3/14/25: Political Concerns Drive Market Volatility

Political concerns continue to be the dominant driving force behind markets, with tariffs weighing on risk assets and leading a flight to quality towards bonds. The S&P500 is down around 10% from its recent high, and the 10-year US Treasury yield is 0.50% lower from the January peak, at 4.30%. 

Labor market and inflation data this week provided some welcome distraction and relief. Job openings for January came in higher than expected, at 7.7 million, up from 7.5 million in December while, also positively, the quits rate ticked up and the layoffs rate ticked down. More real time data also continues to depict a healthy labor market, including weekly claims for unemployment benefits which remain stable and benign, at 220,000. That said, we do expect weaker data ahead due to Federal job and related industry cuts.

The Consumer Price Index (CPI) for February rose by 0.2% on a month-on-month basis at both the headline and core level, excluding food and energy, which was better than expected. Of note, shelter (i.e. rental) costs, which have proven sticky, continue to moderate. At the wholesale level, the Producer Price Index (PPI) was unchanged month-on-month and rose just 0.2% on a core basis. Both CPI and PPI feed into the Federal Reserve’s preferred measure of inflation, the Personal Consumption Expenditure (PCE) index, which is now expected to show a 0.3% rise in February keeping inflation in the 2.50%-3.0% area on an annualized basis. Although this is above the Fed’s 2.0% PCE target, we think the Fed would still act swiftly and ease should labor market conditions deteriorate.
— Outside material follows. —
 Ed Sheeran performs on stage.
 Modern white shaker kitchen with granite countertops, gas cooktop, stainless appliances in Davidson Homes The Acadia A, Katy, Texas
Next Wednesday we expect the Federal Reserve to hold its target rate at 4.25%-4.50%. We will be keenly listening to Chair Powell as he addresses the recent market volatility and analyzing the Committee’s latest quarterly Summary of Economic Projections which includes each member’s view on the future path of interest rates, known as the dot plot. The Chandler team still expects the Fed to lower its target rate later this year.